Nothing but the exact text of the entries should appear in your answer; pictures stay out.

====================

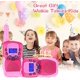 thumbnail image 5 of lote De 2 Jouets Talkie-walkie Roses Pour Les Enfants De 3 12 Ans, Radio Bidirectionnelle Pour Enfants, 8 Canaux, Porte De 3 Km, Parfait Pour L'av, 5 of 5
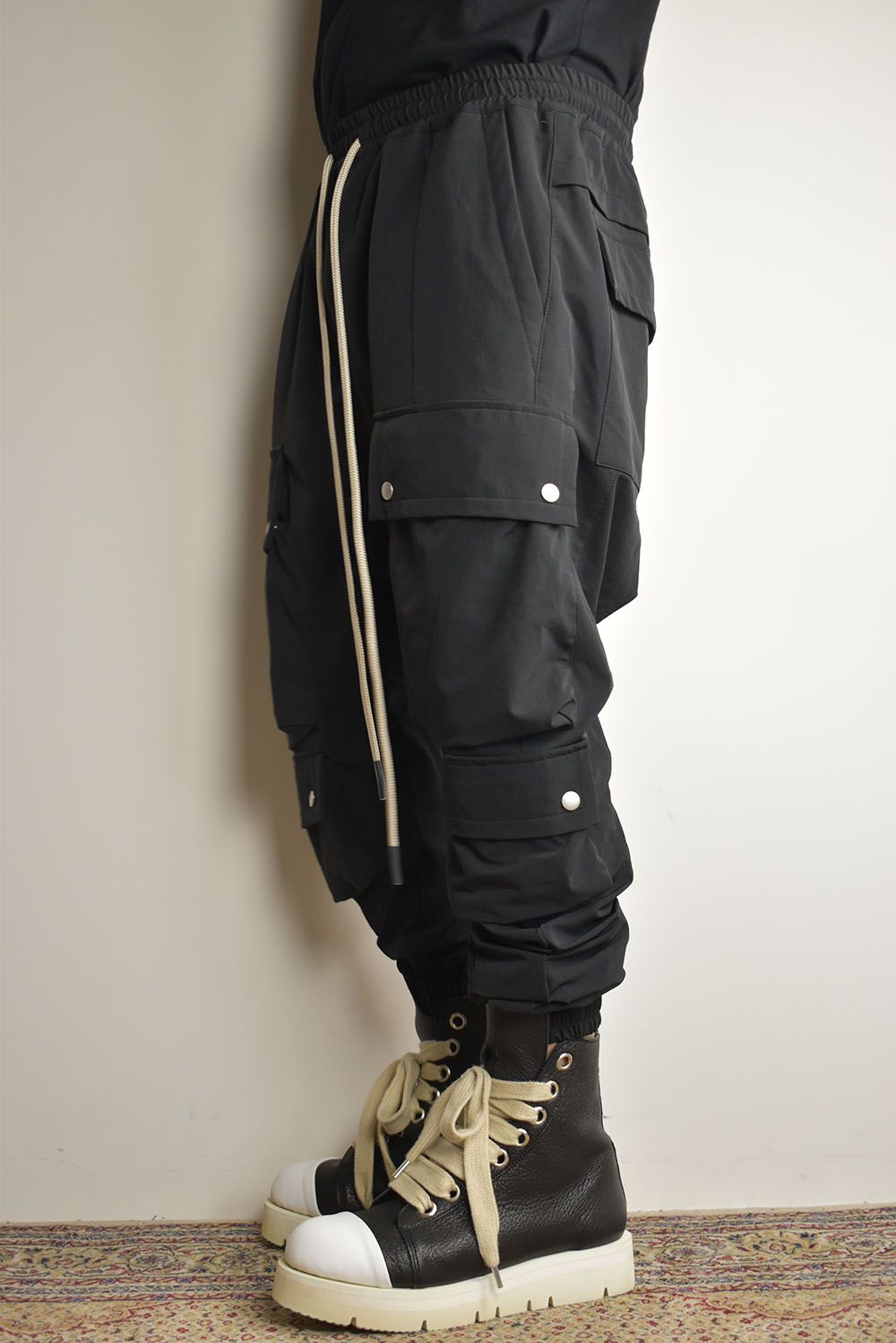 A.F ARTEFACT - Stretch Nylon Military Sarrouel Pants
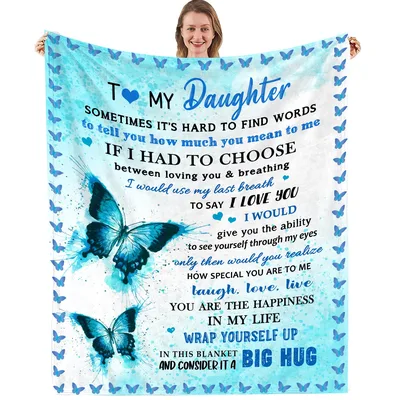 Butterfly Daughter Blanket: A Love Letter in Blue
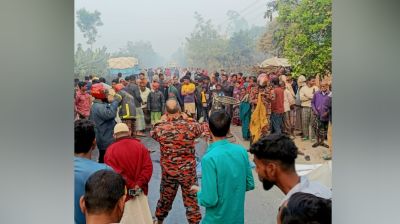 ট্রাক ও ভ্যানের মুখোমুখি সংঘর্ষে নিহত ২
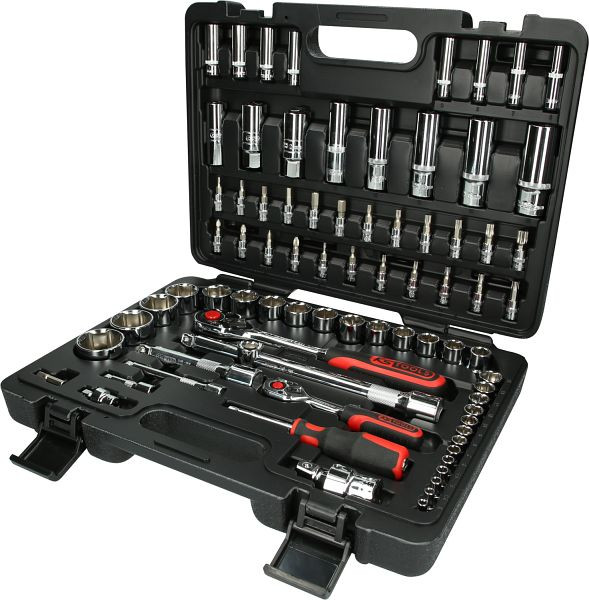KS Tools Jeu de clés à douilles 1/4"+1/2" CHROMEplus, 78 pièces, 918.0678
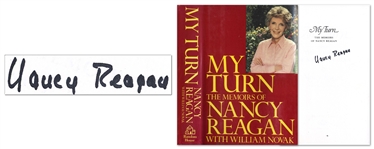 Nancy Reagan Signed Copy of Her Memoir My Turn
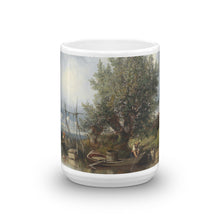 Camille Flers - Paysage de rivière avec les pêcheurs Classic Art Mug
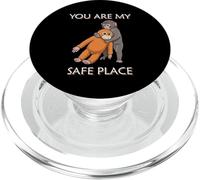 Punch Sad Monkey You Are My Safe Place PopSockets PopGrip for MagSafe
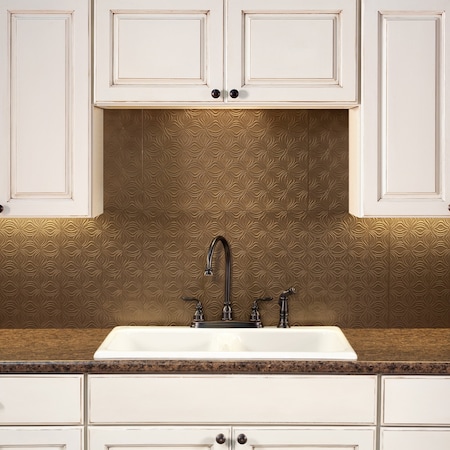 Fasade Fasade 18in x 24in Lotus Argent Bronze Backsplash Panel 5pk PB6328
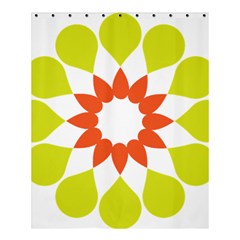 Tikiwiki Abstract Element Flower Star Red Green Shower Curtain 60  X 72  (medium)  by Alisyart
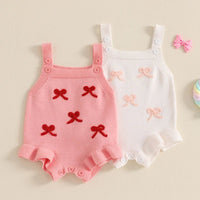 Bows and Buttons Knit Romper - The Ollie Bee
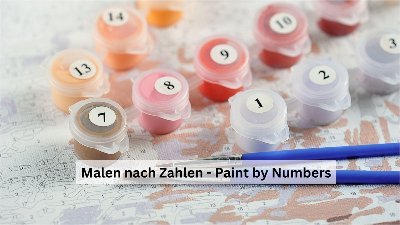 Malen nach Zahlen – ein Hobby für jedes Alter. Beliebte Motive: Landschaften, Menschen, Pflanzen, Blumen, Parkanlagen, Sehenswürdigkeiten!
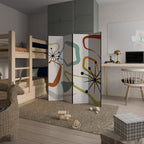 INTO THE RIM Biombo Decorativo de 4 Painéis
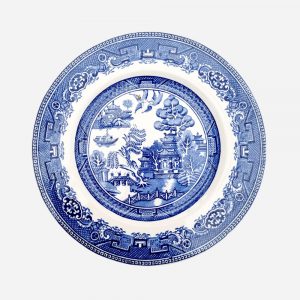 Plato Decorativo Inglés Alfred Meakin Old Willow Blue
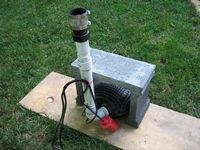 Pump in modified block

====================

Solution to the problem |
 thumbnail image 5 of lote De 2 Jouets Talkie-walkie Roses Pour Les Enfants De 3 12 Ans, Radio Bidirectionnelle Pour Enfants, 8 Canaux, Porte De 3 Km, Parfait Pour L'av, 5 of 5
 A.F ARTEFACT - Stretch Nylon Military Sarrouel Pants
 Butterfly Daughter Blanket: A Love Letter in Blue
 ট্রাক ও ভ্যানের মুখোমুখি সংঘর্ষে নিহত ২
KS Tools Jeu de clés à douilles 1/4"+1/2" CHROMEplus, 78 pièces, 918.0678
 Nancy Reagan Signed Copy of Her Memoir My Turn
 Camille Flers - Paysage de rivière avec les pêcheurs Classic Art Mug
 Punch Sad Monkey You Are My Safe Place PopSockets PopGrip for MagSafe
 Fasade Fasade 18in x 24in Lotus Argent Bronze Backsplash Panel 5pk PB6328
 Tikiwiki Abstract Element Flower Star Red Green Shower Curtain 60  X 72  (medium)  by Alisyart
 Bows and Buttons Knit Romper - The Ollie Bee
 Malen nach Zahlen – ein Hobby für jedes Alter. Beliebte Motive: Landschaften, Menschen, Pflanzen, Blumen, Parkanlagen, Sehenswürdigkeiten!
 INTO THE RIM Biombo Decorativo de 4 Painéis
 Plato Decorativo Inglés Alfred Meakin Old Willow Blue
 Pump in modified block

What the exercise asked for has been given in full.